Start of Given records

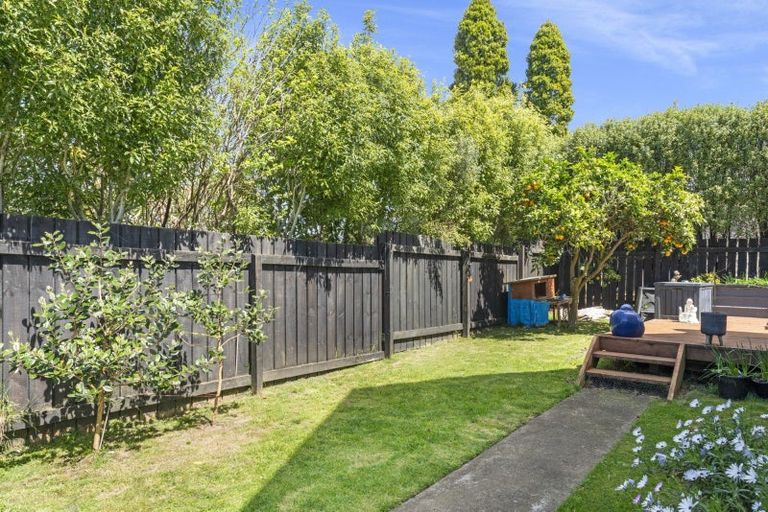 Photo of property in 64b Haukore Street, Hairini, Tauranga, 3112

End of Given records
Start of Given records

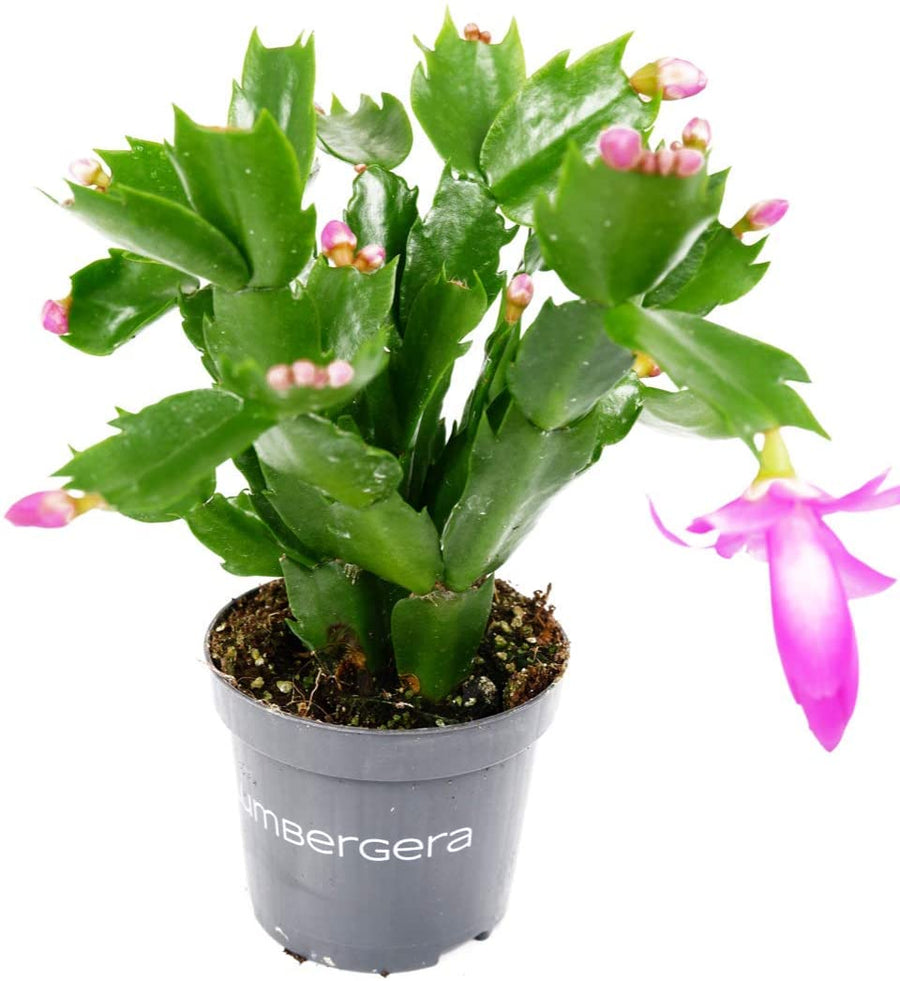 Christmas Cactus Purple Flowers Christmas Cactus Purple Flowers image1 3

End of Given records
Start of Given records

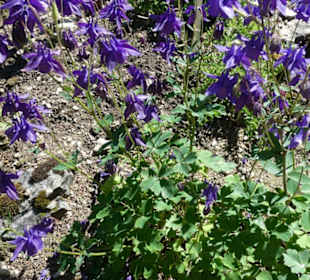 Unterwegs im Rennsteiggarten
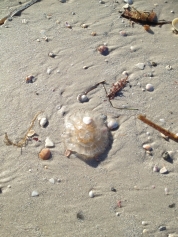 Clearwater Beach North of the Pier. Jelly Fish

End of Given records

Work order
Your answer must be the lines above from the one holding "Unterwegs im Rennsteiggarten" up to and including the one holding "Clearwater Beach North", exact and with no pictures.

Task result
 Unterwegs im Rennsteiggarten
 Clearwater Beach North of the Pier. Jelly Fish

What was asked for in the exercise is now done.